Available data >>
::::::

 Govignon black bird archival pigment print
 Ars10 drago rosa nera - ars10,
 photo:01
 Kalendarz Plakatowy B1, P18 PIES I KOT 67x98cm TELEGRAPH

::::::

Task prompt >>
Repeat the data in its entirety, character for character.

Output of the exercise >>
 Govignon black bird archival pigment print
 Ars10 drago rosa nera - ars10,
 photo:01
 Kalendarz Plakatowy B1, P18 PIES I KOT 67x98cm TELEGRAPH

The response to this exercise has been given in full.